▶ _Try it_:
Extract, exactly as written, the line that contains "Fashion Ladies Thick" and all lines after it through the end of the records. Omit pictures.
★ ★ ★ ★ ★ ★ ★
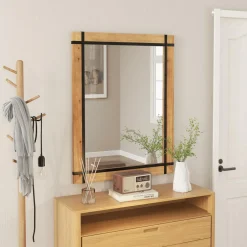 Tangkula Decorative Hanging Wall Mirror, 30" x 40" Wall Mounted Mirror with Fir Wood Frame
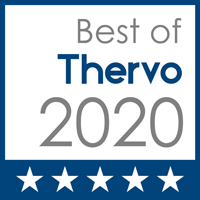 A logo for the best of thervo 2020 with five stars.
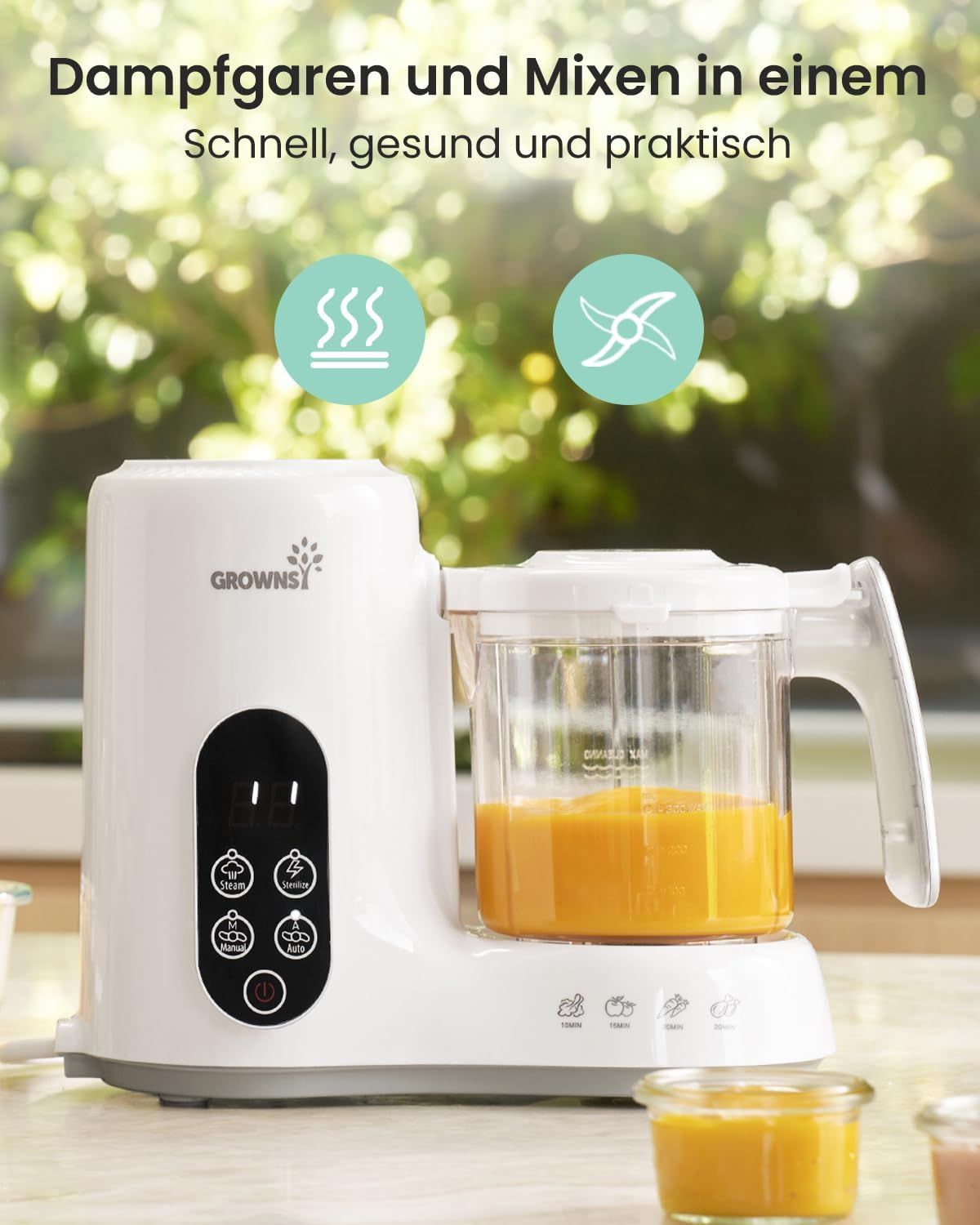 Grownsy Babynahrungszubereiter mit Dampfkorb – Dampfgarer
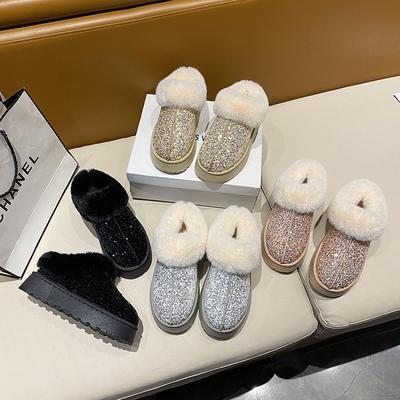 Fashion Ladies Thick Bottom Snow Boots Winter Warm Glitter Upgraded Version Winter Fashion Sequin Design Rubber Material Comfortable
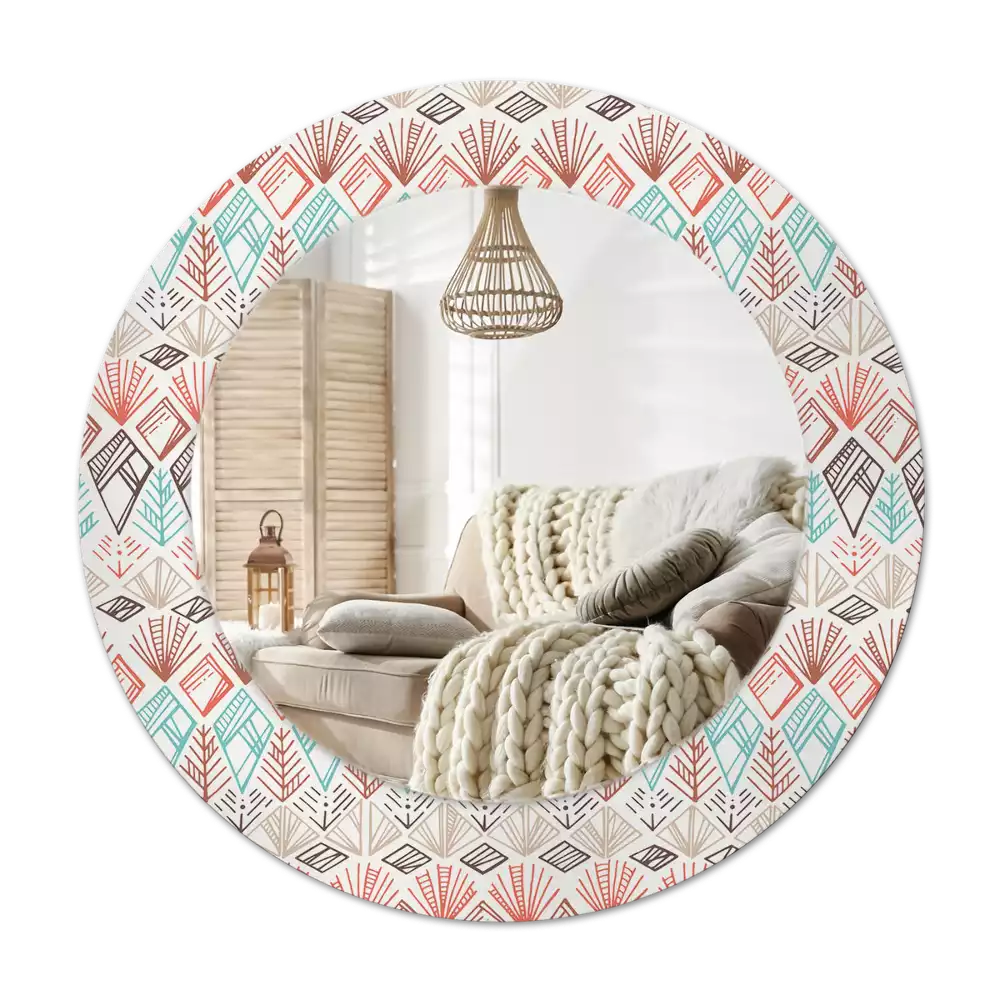 Rund spegel med tryckt Etniskt mönster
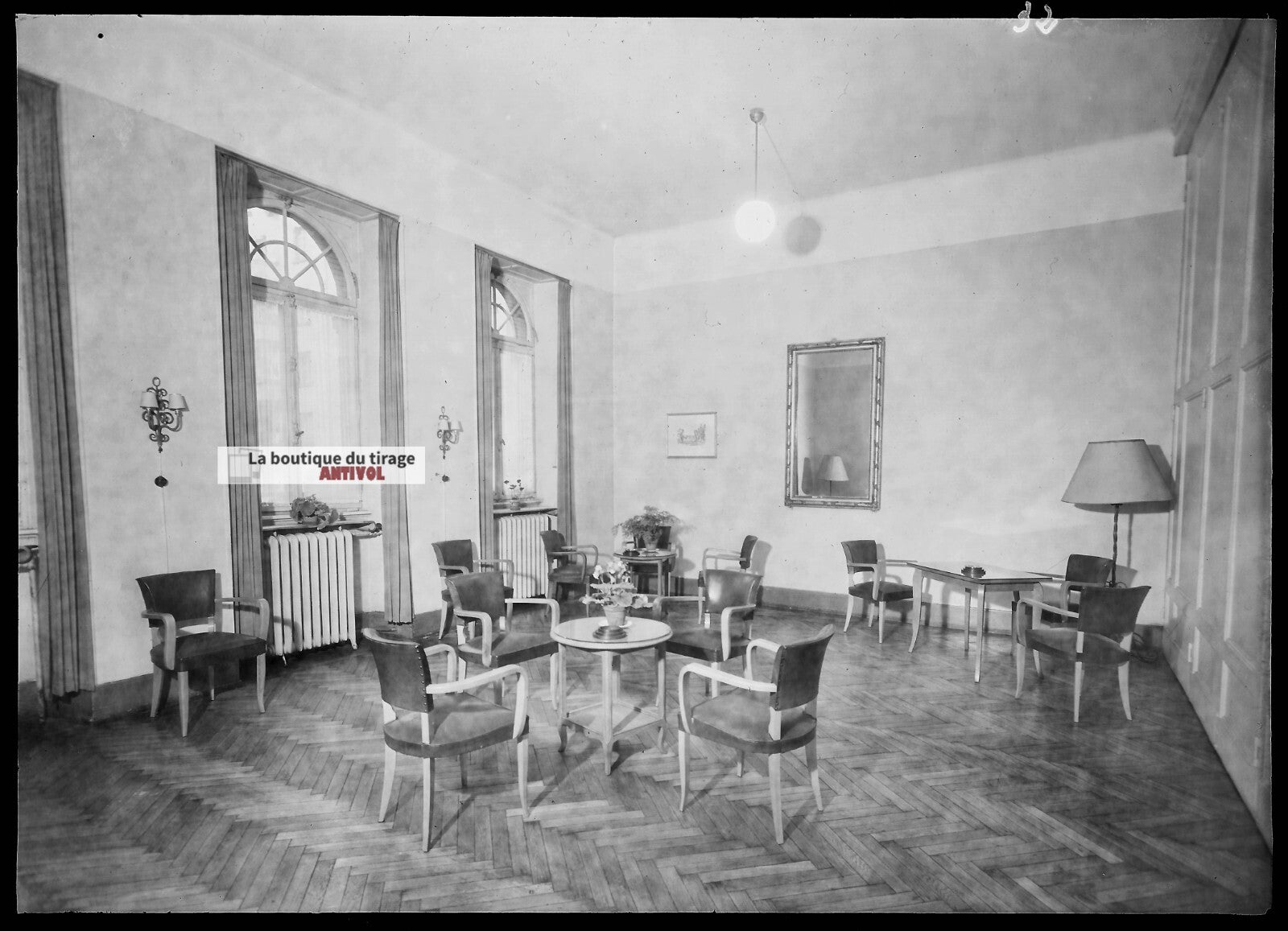 Plaque verre photo ancienne négatif noir et blanc 13x18 cm salon ancien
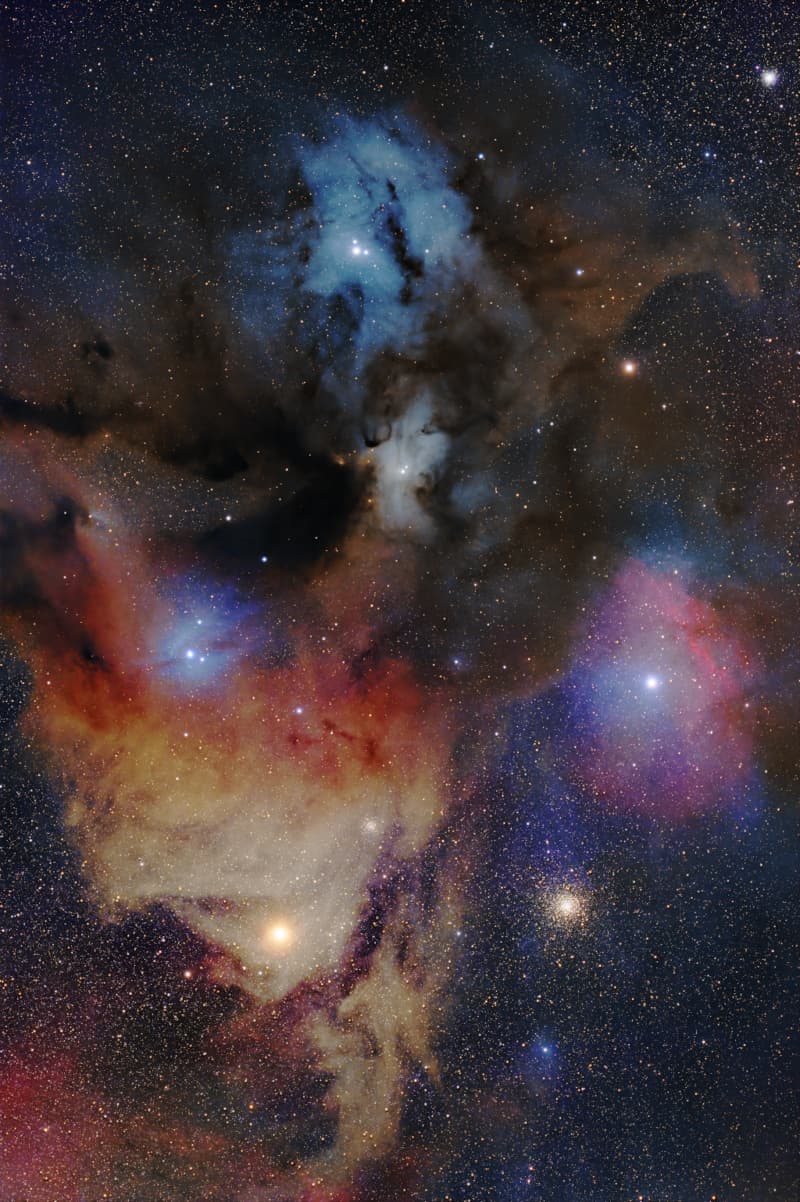 NASA obrázek dne: Cukrově vatičkové mraky v souhvězdí Rho Ophiuchi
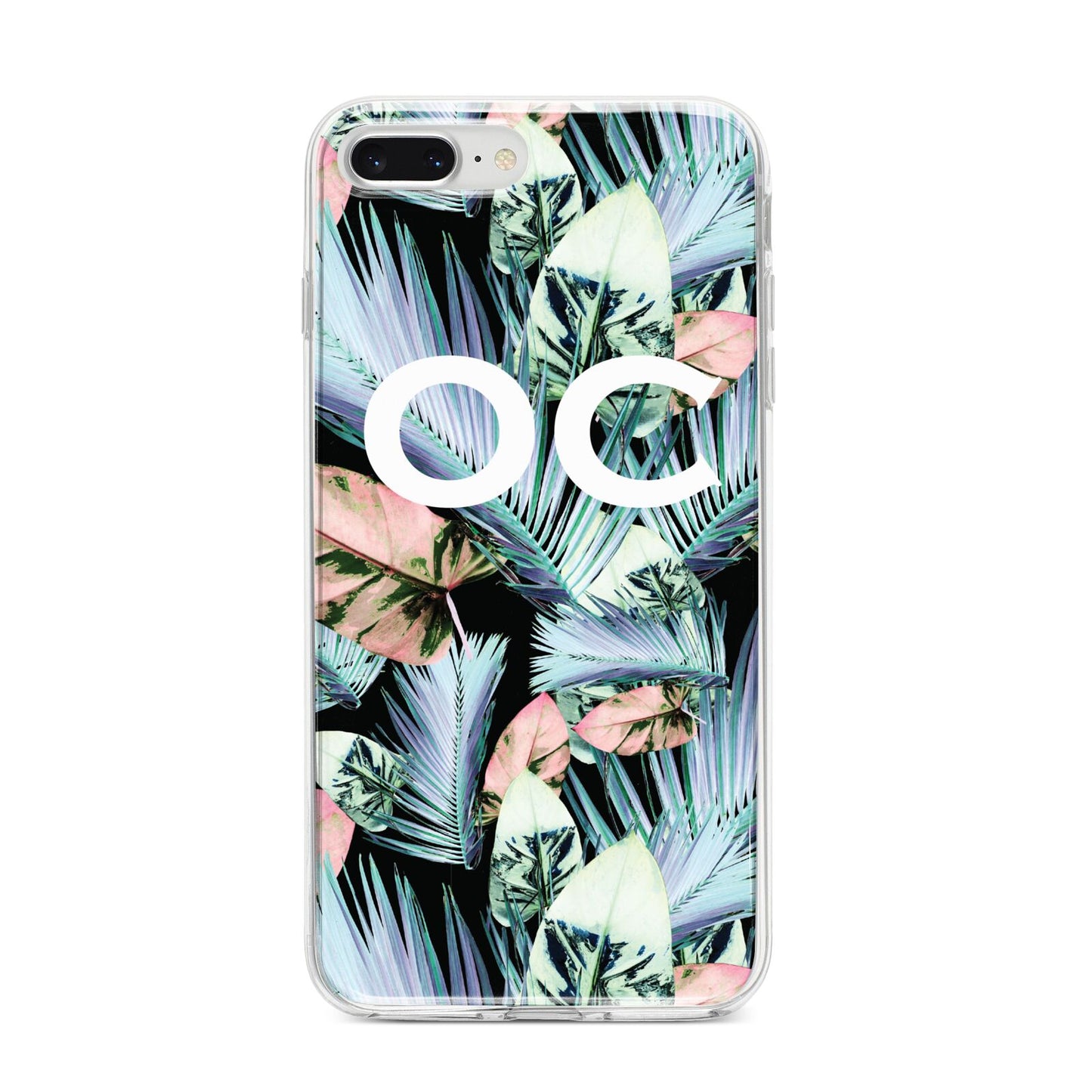 Personalised Abstract Tropical Leaves iPhone 8 Plus Bumper Case on Silver iPhone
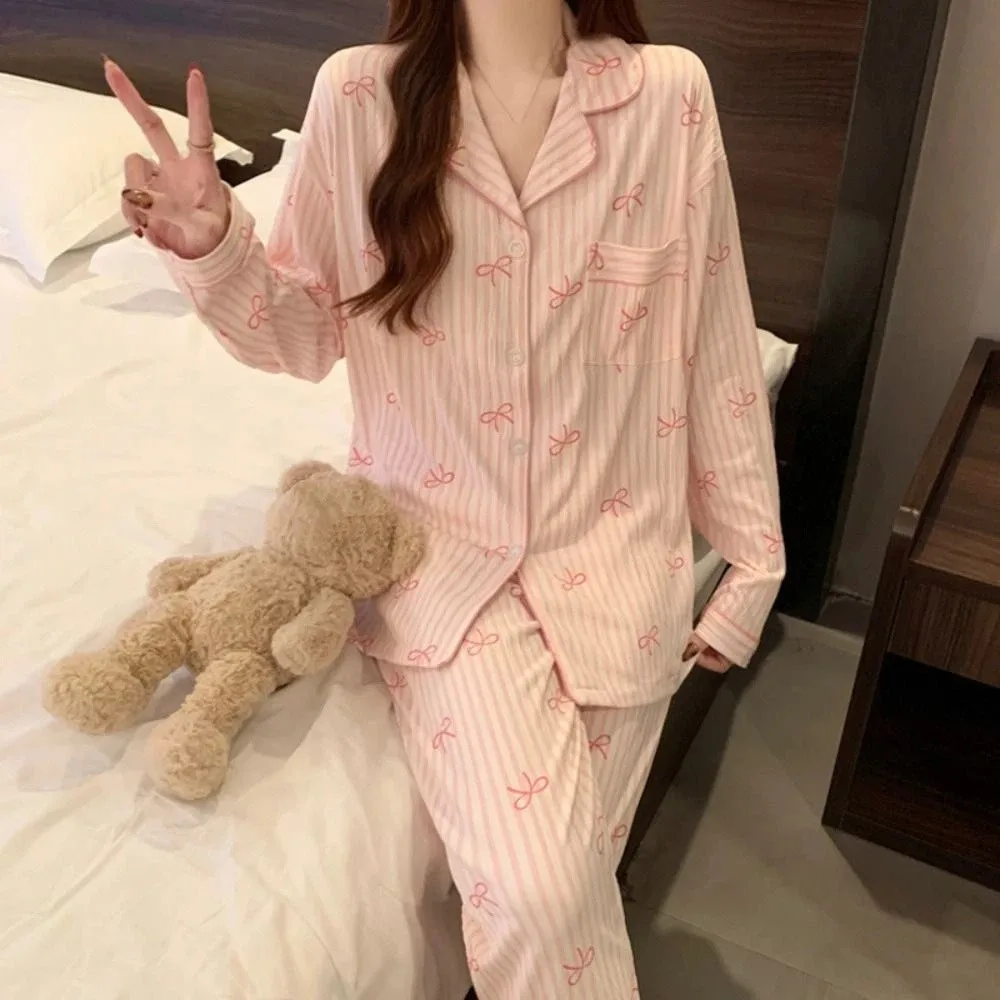 

Ins Stripe Bow Pajamas Set Casual Korean Style Sweet Pajamas Suit Loose Home Wear Two Piece Nightwears Home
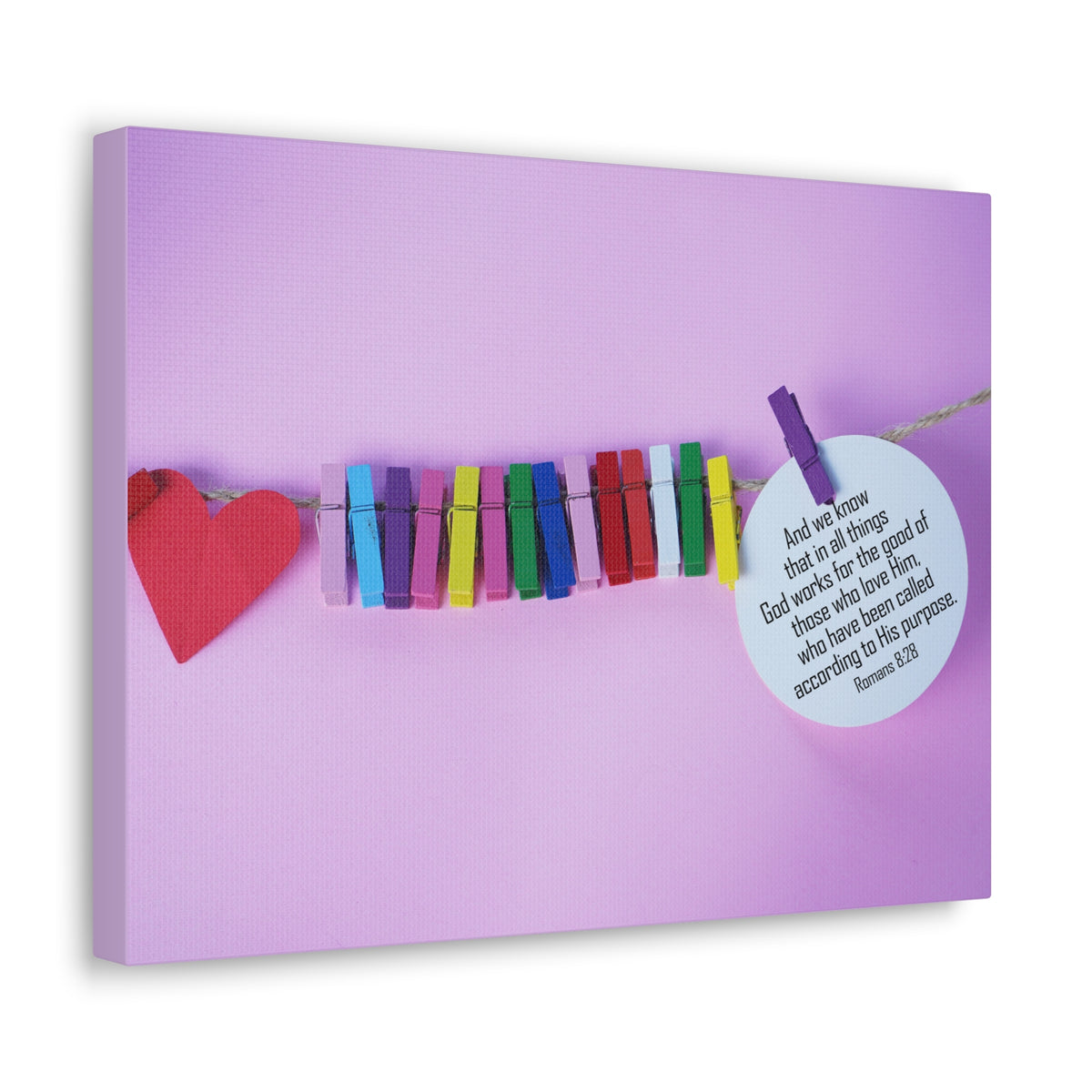 Scripture Walls His Purpose Romans 8:28 Bible Verse Canvas Christian Wall Art Ready to Hang-Express Your Love Gifts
★ ★ ★ ★ ★ ★ ★
▶ _Reply to the task_:
 Fashion Ladies Thick Bottom Snow Boots Winter Warm Glitter Upgraded Version Winter Fashion Sequin Design Rubber Material Comfortable
 Rund spegel med tryckt Etniskt mönster
 Plaque verre photo ancienne négatif noir et blanc 13x18 cm salon ancien
 NASA obrázek dne: Cukrově vatičkové mraky v souhvězdí Rho Ophiuchi
 Personalised Abstract Tropical Leaves iPhone 8 Plus Bumper Case on Silver iPhone

Ins Stripe Bow Pajamas Set Casual Korean Style Sweet Pajamas Suit Loose Home Wear Two Piece Nightwears Home
 Scripture Walls His Purpose Romans 8:28 Bible Verse Canvas Christian Wall Art Ready to Hang-Express Your Love Gifts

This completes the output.